The following is a derivative article based on this version of this Citizendium article written by Russell D. Jones. This article is reprinted here under the CZ creative commons CC-by-SA 3.0 license. Text in this style is unchanged from that original article and may be subsequently redistributed according to the terms of the CZ license. Text in black (or blue for links) is a derivative work and may be subsequently redistributed by giving attribution to both The Citizendium and Michigan Transportation History under the terms of the CC-by-SA 3.0 license.

The Walk-in-the-Water was the first steamship built and operated on the Great Lakes?.

Specifications

The Walk-in-the-Water was 135-feet long, had a beam of 32 feet, an eight-foot draft, and displaced 338 tons. As a bow figurehead, she carried a likeness of Oliver Hazard Perry, the hero of the Battle of Lake Erie.

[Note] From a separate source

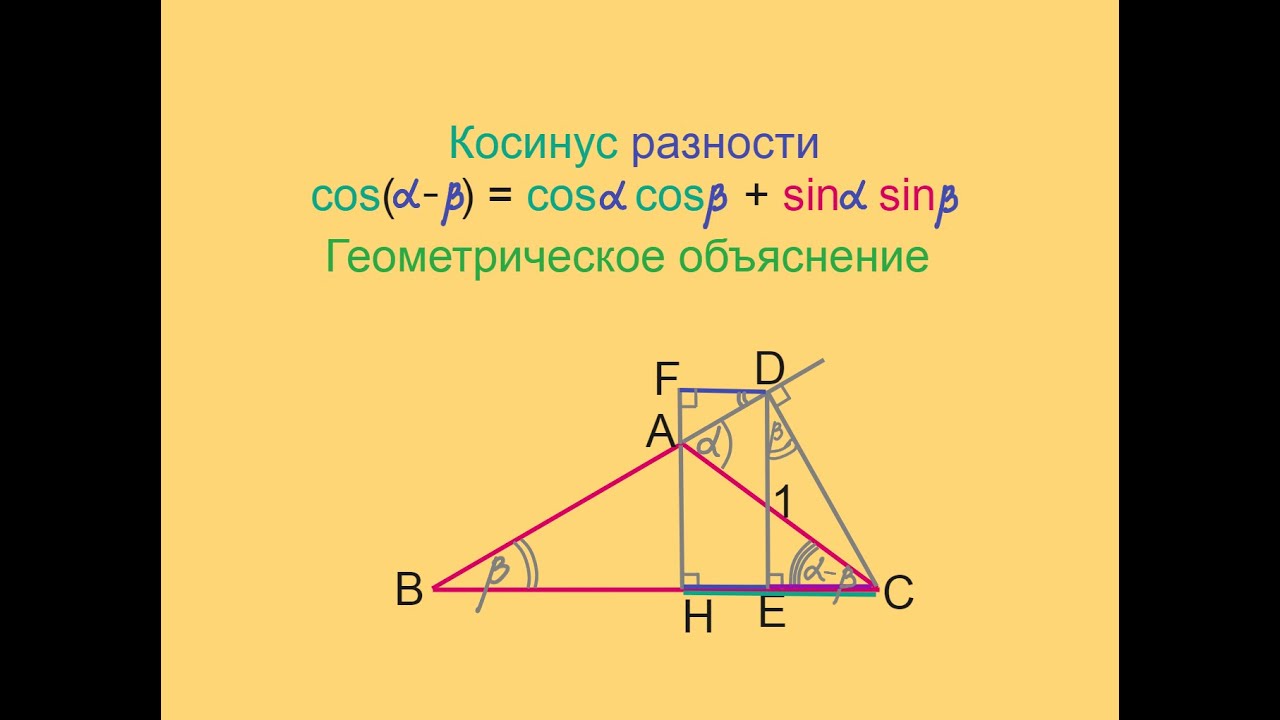 Тригонометрия, Формула косинуса разности, Геометрическое объяснение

The namesake of the ship was an Indian warrior who, during the War of 1812, had commanded an attack at the Battle of Fort Meigs?.1

Built in 1818 at Black Rock, New York, the Walk-in-the-Water was owned by the Lake Erie Steamboat Company?. Her regular schedule ran between Buffalo and Detroit with stops at Erie and Cleveland. She operated on Lake Erie for three seasons until being wrecked on November 1, 1821, near Point Algino, which is near Buffalo.

Like most early steamships, the Walk-in-the-Water was a sailing vessel with steam-powered side paddle-wheels installed as additional power. She had two high masts and was square-rigged. The boiler and stack stood amidships just aft of the forward mast. The paddle wheels were placed exactly amidships.

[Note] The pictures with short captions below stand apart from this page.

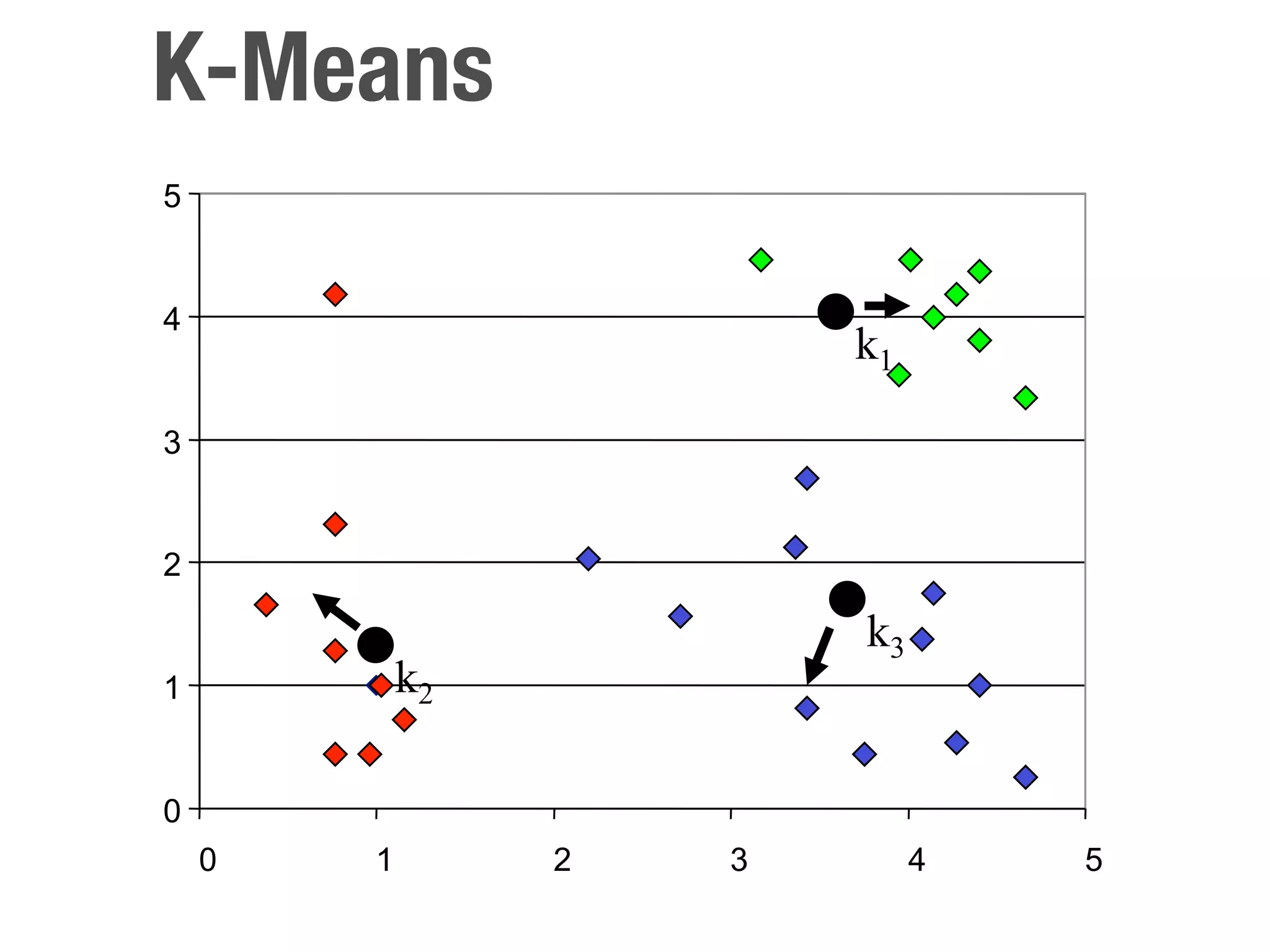 K-Means
5


4
                         k1

3


2

                         k3
1           k2

0
    0   1        2   3        4   5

Passenger accommodations were all below decks. Like all transportation accommodations at the time, quarters were segregated by gender, the women's cabins located forward. Men's quarters adjoined the dining room. A male-only smoking room adjoined the baggage compartment aft.

For signaling the Walk-in-the-Water used a small cannon as the steam whistle had not yet been invented. The captain customarily fired a shot just before docking and just after departure.

First Voyage

The first voyage of the Walk-in-the-Water was started on August 23, 1818. To master the swift current of the Niagara River, the ship was towed by a team of 20 oxen upriver to Lake Erie. The first voyage booked twenty-nine passengers. The ship arrived in Detroit three days later after stops in Erie and Cleveland.2

Operations

Normal operations began in 1818. During the first season, the fare was $8.00 to Erie, $15.00 to Cleveland, and $24.00 to Detroit. By 1820, the fare had been reduced to $18.00 for a cabin to Detroit but just $7.00 for steerage.3

In June of 1820, the Walk-in-the-Water made an excursion to Mackinac Island? making it the first steamship on Lake Huron. The following August, the ship made a return to Mackinac and continued on to Green Bay, Wisconsin, making it also the first steamship to travel on Lake Michigan.

Wreck

On October 31, 1821, the ship left Buffalo on its normal cruise. By the evening, a November Great Lakes storm blew up. The ship began taking on water and turned about for Buffalo. With its sails down and its wheels unable to stay in the water as the ship pitched in the swells, the ship could make little headway. She let go an anchor and began dragging it running aground south of Buffalo. All passengers and crew were rescued but the ship was a loss. Furniture, equipment, and the boilers were salvaged. The engine was again used in the Superior? built in 1822, which took up the Walk-in-the-Water's schedule.

Source

Unless otherwise referenced, the source for most of this article is "Walk-in-the-Water," by the Kelly's Island Historical Association (2009). That article's availablility has been variable over the years. It's also available through the Internet Archive.

The KIHA article was sourced by an article written by a "Captain Hamilton" and made available to the KIHA courtesy of the Rutherford B. Hayes Memorial Library. That article is apparently not on the WWW.

Notes

1. Caleb Atwater, A History of the State of Ohio: Natural and Civil (Cincinnati: Glezen & Shepard, 1838), 215. Note that the original reference was to "The Family Magazine" of 1838, but this magazine seems to have just copied Atwater's text.

2. This is confirmed by B. O. Williams who claims that Charles Lanman's Red Book of Michigan (pp. 80 & 126) is incorrect. Williams witnessed the arrival of the Walk-in-the-Water at Detroit in 1818 and was "in the interior" in 1819. B. O. Williams, "Early Michigan: Sketch of the Life of Oliver Williams and Family," Michigan Pioneer and Historical Collections 2 (1880), 38. Indeed, Lanman also claims that the first trip took "a whole week" which also seems to be incorrect.

3. Willis F. Dunbar and George S. May, Michigan: A History of the Wolverine State, Chapter 8, 3rd Revised Ed., (Grand Rapids: Eerdman's, 1995).